*** Opening of The data ***

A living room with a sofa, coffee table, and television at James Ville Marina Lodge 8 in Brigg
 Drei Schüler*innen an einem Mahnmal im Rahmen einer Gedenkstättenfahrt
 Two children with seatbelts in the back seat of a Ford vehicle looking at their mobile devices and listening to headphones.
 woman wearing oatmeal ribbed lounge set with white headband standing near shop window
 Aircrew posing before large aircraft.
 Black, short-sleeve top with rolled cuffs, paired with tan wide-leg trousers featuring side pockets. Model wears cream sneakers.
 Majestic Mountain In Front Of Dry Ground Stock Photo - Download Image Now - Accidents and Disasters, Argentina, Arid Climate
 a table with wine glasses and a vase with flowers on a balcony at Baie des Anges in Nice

*** Close of The data ***

Return exactly the line that contains "Majestic Mountain In" and every line after it, through the last line of the records.

 Majestic Mountain In Front Of Dry Ground Stock Photo - Download Image Now - Accidents and Disasters, Argentina, Arid Climate
 a table with wine glasses and a vase with flowers on a balcony at Baie des Anges in Nice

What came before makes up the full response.